Exercise aim: Using the records below, please work out how many lines contain "Earrings"; answer with the number alone.

Data shown:

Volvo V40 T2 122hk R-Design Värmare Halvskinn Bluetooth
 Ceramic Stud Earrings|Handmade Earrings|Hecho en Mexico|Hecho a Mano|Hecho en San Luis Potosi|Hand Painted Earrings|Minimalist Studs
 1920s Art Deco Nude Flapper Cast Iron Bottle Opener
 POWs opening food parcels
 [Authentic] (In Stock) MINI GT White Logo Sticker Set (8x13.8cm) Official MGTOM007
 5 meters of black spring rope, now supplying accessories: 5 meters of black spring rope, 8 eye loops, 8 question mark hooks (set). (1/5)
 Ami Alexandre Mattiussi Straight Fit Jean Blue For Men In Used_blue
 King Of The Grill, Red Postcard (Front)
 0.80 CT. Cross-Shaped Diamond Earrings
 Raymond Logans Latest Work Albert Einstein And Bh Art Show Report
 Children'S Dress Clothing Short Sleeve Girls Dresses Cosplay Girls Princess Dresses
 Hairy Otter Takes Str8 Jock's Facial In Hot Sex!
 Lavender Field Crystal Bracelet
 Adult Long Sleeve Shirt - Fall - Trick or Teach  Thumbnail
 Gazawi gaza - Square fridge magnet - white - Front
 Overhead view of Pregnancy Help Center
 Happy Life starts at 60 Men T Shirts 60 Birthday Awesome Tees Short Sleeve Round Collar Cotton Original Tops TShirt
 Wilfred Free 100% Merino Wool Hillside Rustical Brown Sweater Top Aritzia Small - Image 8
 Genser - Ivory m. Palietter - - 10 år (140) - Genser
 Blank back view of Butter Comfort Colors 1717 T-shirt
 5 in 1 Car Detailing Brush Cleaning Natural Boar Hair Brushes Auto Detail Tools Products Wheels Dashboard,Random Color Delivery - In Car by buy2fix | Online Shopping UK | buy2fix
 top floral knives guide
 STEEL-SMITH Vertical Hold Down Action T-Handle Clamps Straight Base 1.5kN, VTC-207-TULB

Task response: 2